Savings & Investments
Saving to help your kids through University, to retire early, or just for a rainy day?
Whether you are investing to build up a nest egg for the future, or you already have a lump sum which you want to work harder for you, Longton FS can help.
Our expert advisers are completely independent and will provide you with impartial advice. We will choose the best investment and savings products from the whole of the market to help you achieve your goals.
We will work with you to understand your goals, both short and long term, and after assessing your attitude to risk, build a bespoke portfolio that will help you to save tax and grow your money.
Saving & Investment Options
You can hold a range of different types of investment in a stocks and shares ISA, think of it as the container you hold your investments in. Once your investments are in the ISA your income and growth are tax free.
As well as standard stocks and shares ISAs there are also Lifetime ISAs, to help save towards a first home or your retirement and Junior ISAs for children or grandchildren.
Collective Investment Funds (unit trusts and OEICs)
When you invest money in a unit trust or an OEIC (open ended investment company) it is pooled with other investors and overseen by a fund manager. It is generally a safer way to invest your money than buying shares directly.
You buy 'units' in a fund, which can then either rise or fall in price - multiply the price of each unit in your fund with the number of units, and you'll have the value of your investment.
Most funds have a specific theme around which the investments are based eg:
Geography (UK, North America, Asia etc)
Industry (pharmaceutical, infrastructure, technology, property etc)

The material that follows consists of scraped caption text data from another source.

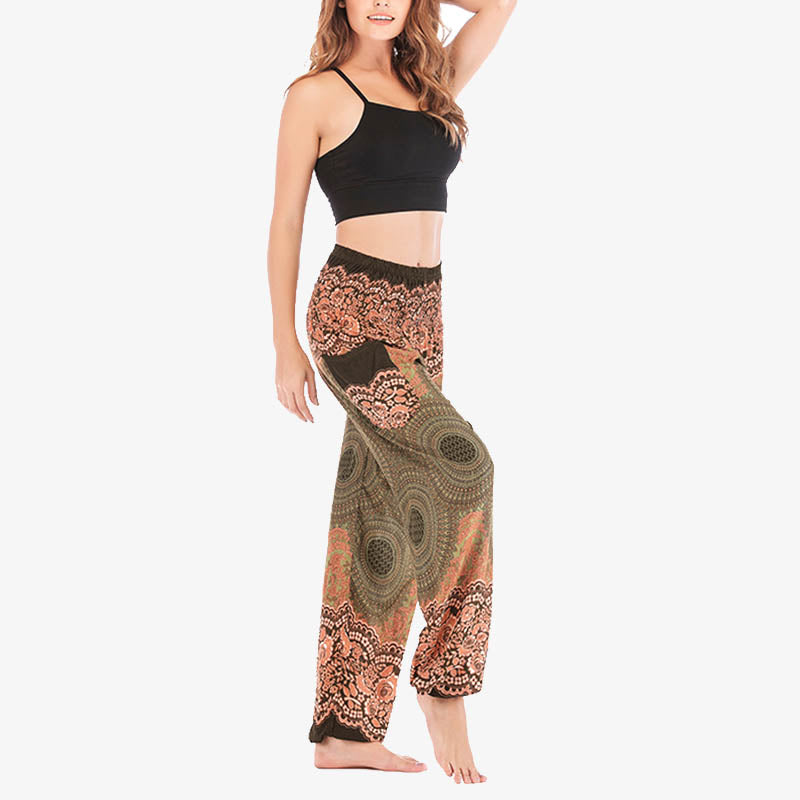 Pantalones de yoga para mujer con estampado geométrico redondo de Buddha Stones, sueltos, informales, de cintura alta - image 40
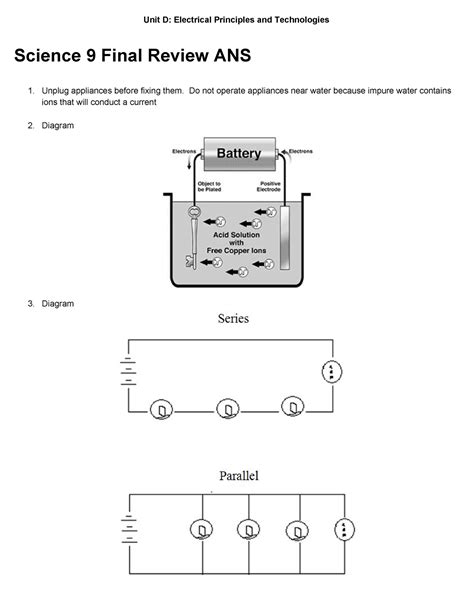 Unit D Review Ans Unit D Electrical Principles And Technologies Science 9 Final Review Ans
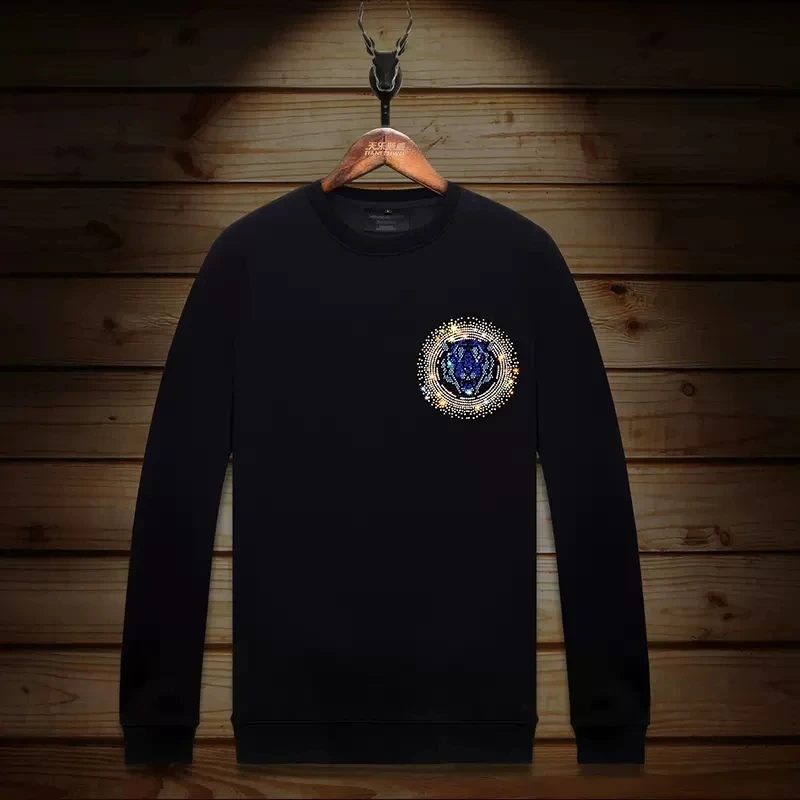 

2023 Rhinestones Men Hoodies Small Tiger Fashion Streetwear Full Pullover Slim O Neck Autumn Hoodie Mens Clothing Ropa De Hombre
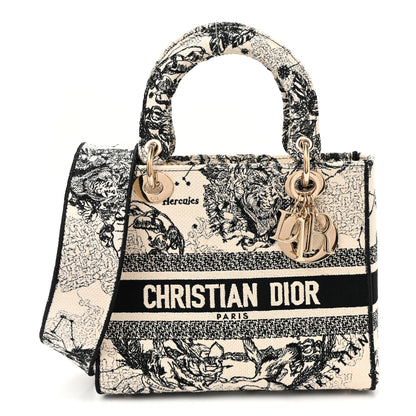 Christian Dior Canvas Embroidered Zodiac Toile De Jouy Medium Lady D-Lite Latte 1 of 10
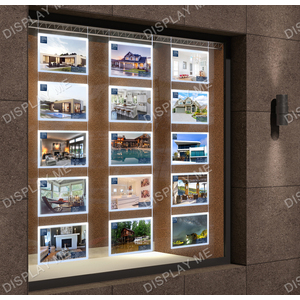 Window Lightbox 3 Columns - A4 Silver Landscape x 15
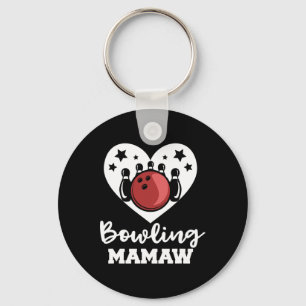 Chaveiro Boliche Mamaw Heart Engraçado Bowler Mamaw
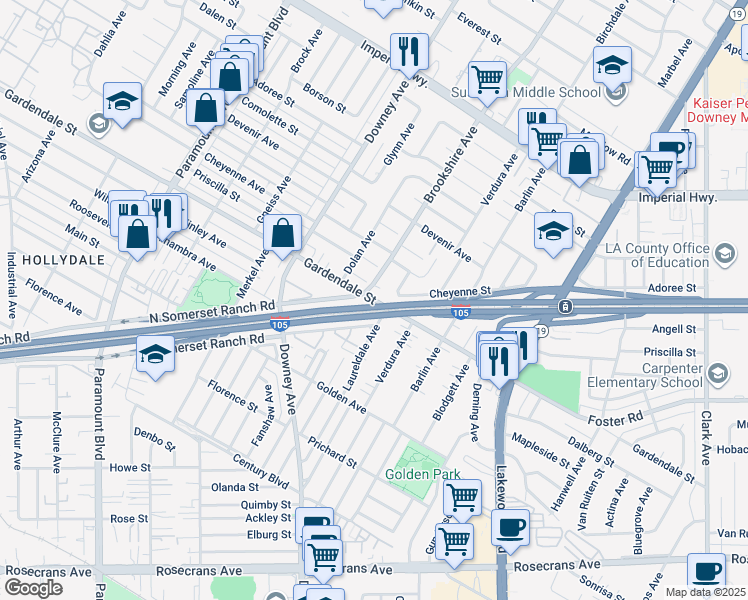 map of restaurants, bars, coffee shops, grocery stores, and more near in Downey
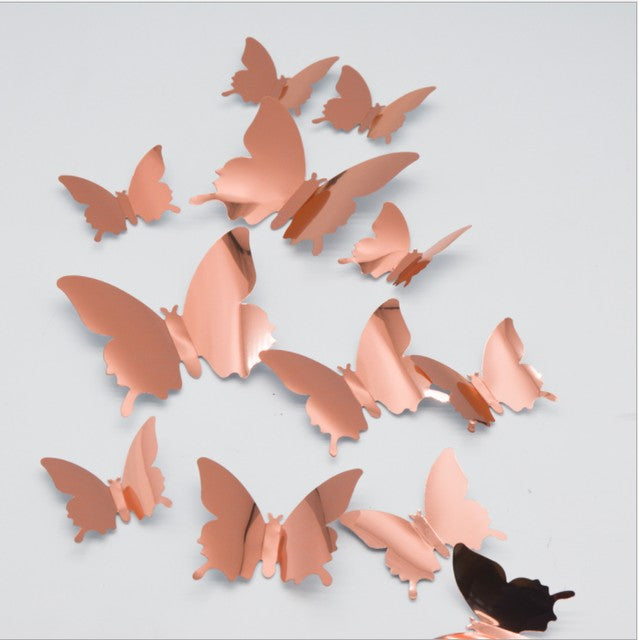 12pcs 3D Butterfly Mirror Wall Sticker Decal Removable DIY Art Party Wedding Decoration Kids Room Home Decor Crystal Sticker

Type of Investment (shares, corporate bonds, government bond)
Size of Company
Different funds have different risk levels. We will choose a range of funds that spread your eggs across many baskets, whilst meeting your requirements in terms of risk levels and relative performance.
Investment bonds are single premium life insurance contracts offered by the big name insurance companies. They can be a useful tool in certain circumstances. They allow withdrawals of 5 per cent of the original investment per year for 20 years without incurring an immediate tax charge. The tax is deferred and becomes payable when the bond is cashed in or matures. Any withdrawal allowance not used can carry over to the following tax year.
The opportunity to defer income tax is helpful to higher rate taxpayers who want to delay payment until they fall into a lower tax band, such as in retirement, and to investors who have already used up their annual capital gains tax allowance.
Investment trusts allow you to pool your money with that of other investors to get exposure to a range of assets through a single investment.
They are set up as companies and traded on the London Stock Exchange. As with any company quoted on the stock market, investment trusts have to publish an annual report and audited accounts. They also have a board of directors to which the manager of the trust is accountable. When you invest in an investment trust, you become a shareholder in that company.
Unlike unit trusts and open-ended investment companies (OEICs), investment trusts are closed-ended. They issue a fixed number of shares, which can then be bought and sold on the London Stock Exchange.
The value of the assets held by an investment trust is known as the net asset value (NAV). Shares in an investment trust may trade for less than the NAV (at a discount) or for more than the NAV (at a premium).
The level of premium or discount changes on the basis of changing market sentiment towards a sector and individual investment trust. If an investment trust is trading at a discount to its NAV and the discount reduces or moves to a premium, investors will make an additional return over and above any return from the trust’s underlying assets. However, if the premium on an investment trust reduces or a discount widens, this will detract from returns.
Investment trusts can borrow more money to invest, which is also known as gearing. This approach can magnify gains for shareholders in a rising market, but also lead to greater losses when markets fall.
Exchange Traded Funds (ETFs)
ETFs are investment funds that aim to track the performance of a specific index. An index is a basket of assets (shares, bonds or commodities) chosen to represent the performance of a market or asset class. The FTSE 100 is an index of the 100 largest companies in the UK and is used to gauge the performance and general direction of the UK stock market.
Usually the goal of an ETF is to provide a portfolio that mirrors an index, thereby providing investors with the performance of that index (minus the fees). They are passively managed and therefore tend to be cheaper than actively managed funds.
Types of ETF available now are much more varied than in the past and include:
Equity ETF (tracking a stock market index)
Fixed Income ETF (investing in corporate bonds or treasuries).